Worksheet 12#

Plots of polynomial regression curves#

Write a function polyreg_plot which takes four inputs: a pandas DataFrame df_data (which can be assumed to have two columns “x” and “y”), an integer degree with the default value of 1, an integer num_rows with the default value of -1, and an integer state with the default value of 0. The function should do the following.

  • If num_rows is -1, the function should set num_rows to the number of rows of df_data. (This assignment should go at the top of the body of the function. Use an if statement.)

  • Select num_rows random rows from df_data and define df to be a copy of these rows. Use the pandas DataFrame sample method with the keyword argument random_state=state to select these random rows. Use the copy method to make the copy.

  • For each integer value of d from 1 to degree, including degree, add a new column “xd” to df containing the d-th power of the “x” column. For example, when d=2, the column will be named “x2” and will be equal to df["x"]**2. Comment. If you’d rather use PolynomialFeatures instead of the “by-hand” method described here, that’s great. I wrote it this way in case we didn’t get to PolynomialFeatures.

  • Fit a scikit-learn LinearRegression object to this data, using columns “x1” to “xdegree” as the predictor columns and using “y” as the target column. For example, if degree=3, then we would be using the columns “x1”, “x2”, “x3”. (I believe it’s best to make all of the imports outside of the function, so like from sklearn.linear_model ... would be written outside of the function, probably in an earlier cell. The instantiate step, reg = LinearRegression() would be written inside the function.)

  • Using NumPy’s arange function, make a one-dimensional NumPy array containing the values -8, -7.9, -7.8, …, 7.8, 7.9, and then reshape this array so it has the same length and one column (using .reshape(???,???)… you should not need to type any numbers into reshape other than \(\pm 1\)). Name the resulting “column matrix” as X1.

  • Using list comprehension, make a list called Xlist containing X1, X1**2, …, X1**degree. Concatenate these side-by-side into a NumPy array X using X = np.concatenate(Xlist, axis=???). Comment. Again, you can replace this step with PolynomialFeatures if you want.

  • Convert X into a pandas DataFrame dfX with column names “x1” to “xdegree” as above. This DataFrame should have 160 rows and degree columns.

  • Use the Linear Regression object you fit above (don’t fit it again) to make predictions corresponding to the input dfX. Name the resulting array of predictions ypred. This NumPy array ypred should have length 160.

  • Using Matplotlib as in last week’s videos, make a Matplotlib Axes object containing a scatter-plot of the (x,y) points from df (use ax.scatter) and containing a traditional plot (a line chart, use ax.plot) of points (x1, y1) where x1 runs through the “x1” column of dfX and where y1 is the corresponding predicted value from ypred. Set the color of the line plot to red by using 'r' as the format specification. (Even if you’re an experienced Matplotlib user, please check the syntax from the video, because I want us to use the Object Oriented Matplotlib syntax, for example, using plt.subplots and ax.scatter instead of plt.scatter.)

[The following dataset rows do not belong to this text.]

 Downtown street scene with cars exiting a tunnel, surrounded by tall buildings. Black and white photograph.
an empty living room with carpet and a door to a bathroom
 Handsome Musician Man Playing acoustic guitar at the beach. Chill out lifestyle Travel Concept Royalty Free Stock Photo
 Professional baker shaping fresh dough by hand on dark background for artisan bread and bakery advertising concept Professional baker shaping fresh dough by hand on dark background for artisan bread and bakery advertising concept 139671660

  • The function should, as output, return the Matplotlib Figure object. (As I have it written, the function both shows the plot and also returns the figure object, so don’t worry if the figure shows up twice when you call the function. I’m not sure how to remove the extra display.)

Submission instructions#

  • Before evaluating the function, set a Matplotlib style using plt.style.use(???) and one of the choices from plt.style.available. I think it makes the most sense to do this outside of the function body.

  • Run the function with df_data as the attached sim_data.csv (read it in using pd.read_csv as usual), with num_rows=30, with degree=7, and with state as your student id number (if you are in a group, just choose one of your student id numbers.)

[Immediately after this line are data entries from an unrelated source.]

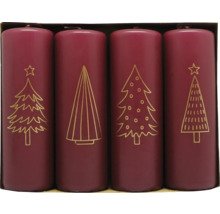Fyra lila blockljus med gyllene julmotiv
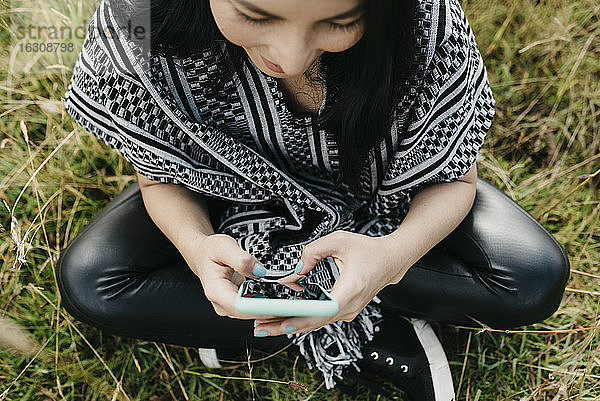 Frau schreibt Textnachrichten auf ihrem Smartphone  während sie in einem öffentlichen Park sitzt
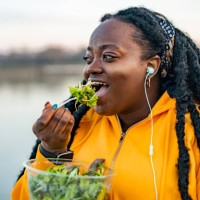 an african american woman eating fresh salad for lunch - food stock pictures, royalty-free photos & images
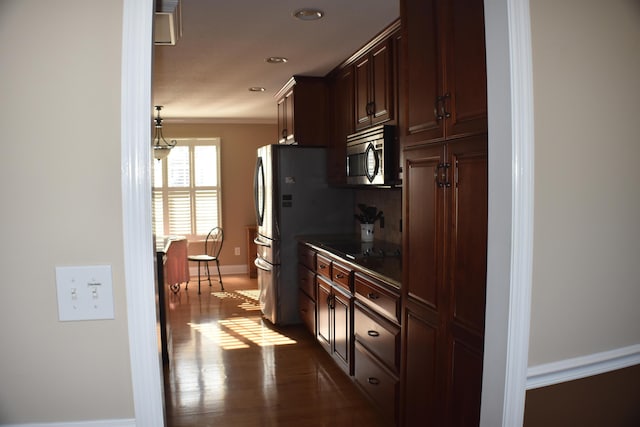 kitchen featuring black electric stovetop, dark wood-type flooring, stainless steel microwave, crown molding, and baseboards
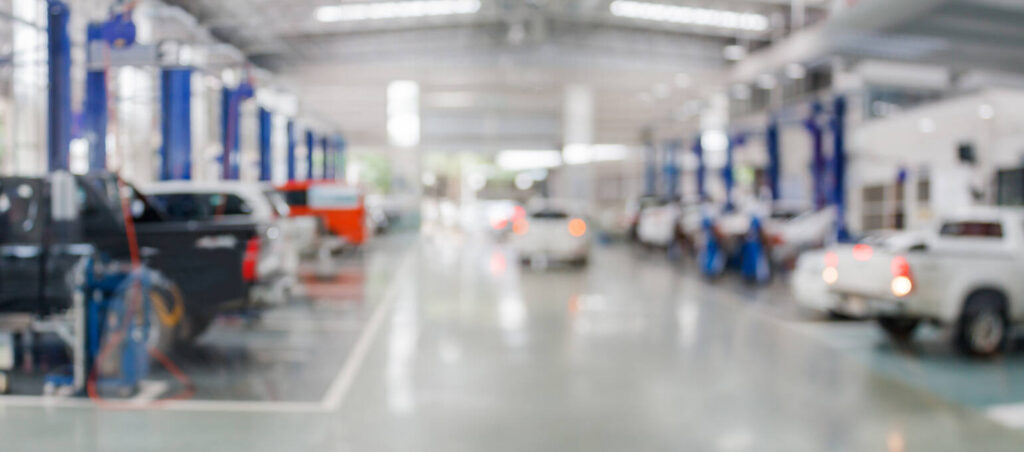 A busy auto shop with vehicles under service, highlighting the hands-on training opportunities for local students in North Mecklenburg.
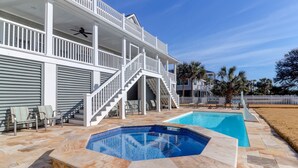 Una casa de dos pisos con un patio cubierto, una piscina y un jacuzzi.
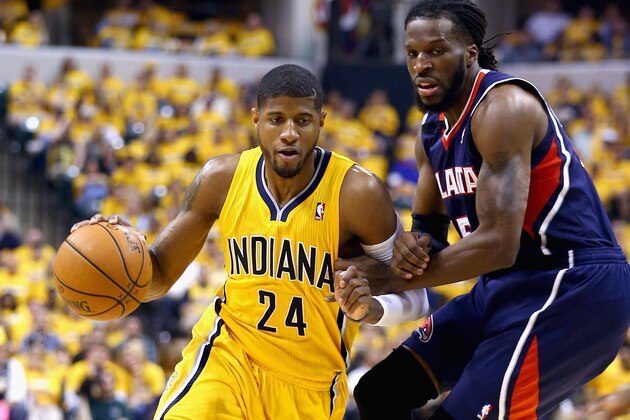 INDIANAPOLIS, IN - APRIL 19: Paul George #24 of the the Indiana Pacwrs drives to the basket against the Atlanta Hawks in Game 1 of the Eastern Conference Quarterfinals during the 2014 NBA Playoffs at Bankers Life Fieldhouse on April 19, 2014 in Indianapolis, Indiana. NOTE TO USER: User expressly acknowledges and agrees that, by downloading and or using this photograph, User is consenting to the terms and conditions of the Getty Images License Agreement.  (Photo by Andy Lyons/Getty Images)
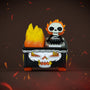 A small 100% Soft Marvel vinyl figure with a flaming skull head sits atop a black, flame-decorated vehicle featuring chains and a stylized skull face; fire and embers surround the scene, perfectly capturing the fiery chaos of a Ghost Rider Dumpster Fire.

  • Save the resulting Matplotlib Figure object as a pickle file named wkst12-ans.pickle, as in the Worksheet 1 instructions, and upload that pickle file to Canvas.

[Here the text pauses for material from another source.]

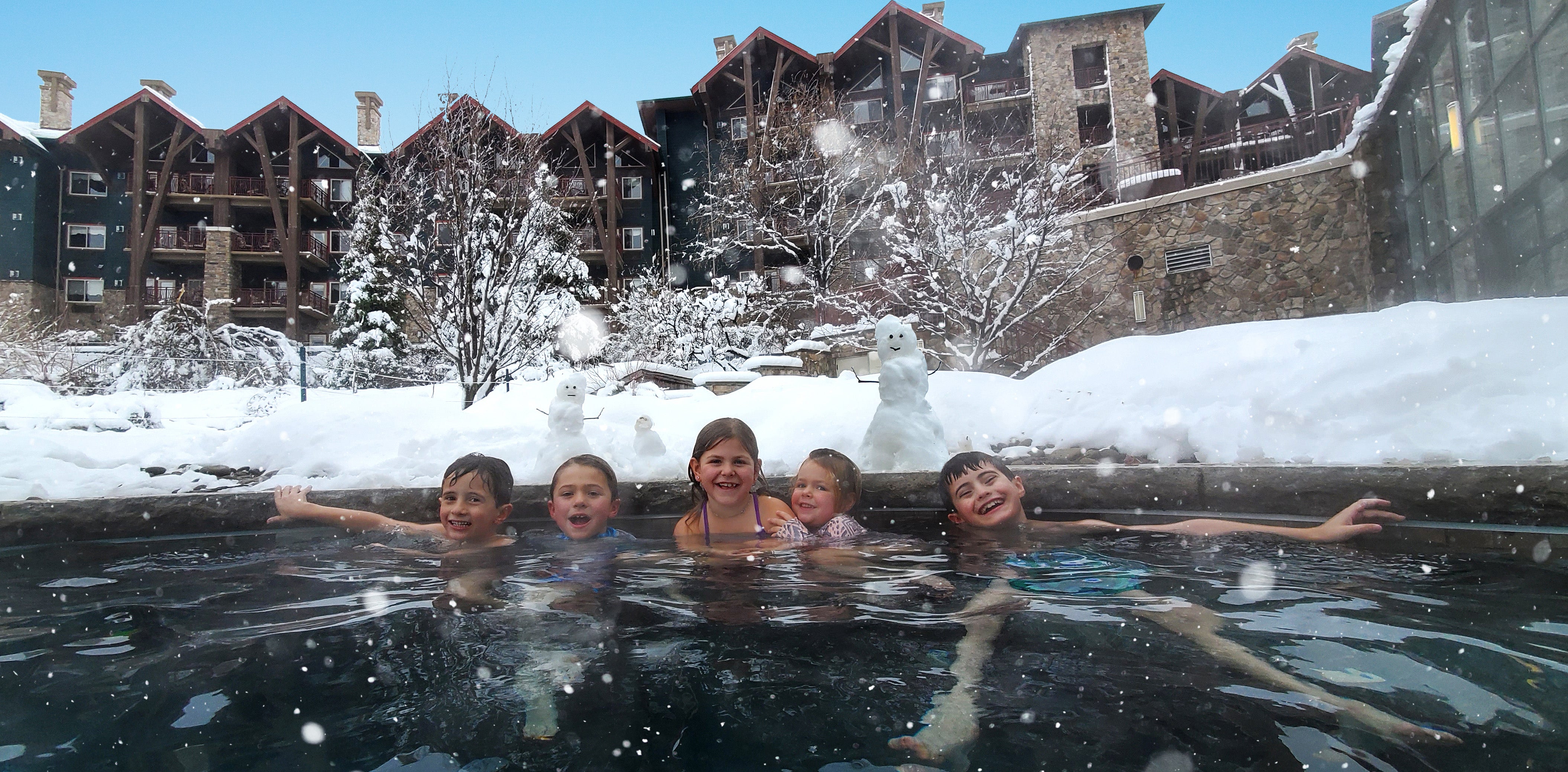 Group of 5 children in outdoor snow pool at Grand Cascades Lodge.
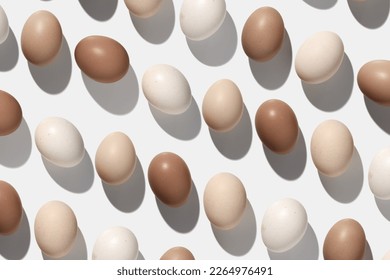 Easter eggs trend pattern, shadow at sunlight, white light background. Organic Chicken eggs with natural pastel colored eggshells, food Easter celebration concept, top view, trend aesthetic flat lay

  • If you want to check that your figure has been saved correctly, create a new notebook (or refresh this one) and run the following code (let me know if you see an easier approach):

import matplotlib.pyplot as plt
import pickle

plt.show()

with open("wkst12-ans.pickle", "rb") as f:
    fig = pickle.load(f)

fig

Important for Midterm 2#

Not to be turned in but important for the next midterm. How do the predicted plots (the red curves) change as we use higher degrees? How do they change as we use smaller or larger subsets of the data (i.e., as we use fewer rows or more rows)?

Reminder#

Every group member needs to submit this on Canvas (even if you all submit the same file).

Submission#

Submit the pickle file on Canvas, as described in the instructions above.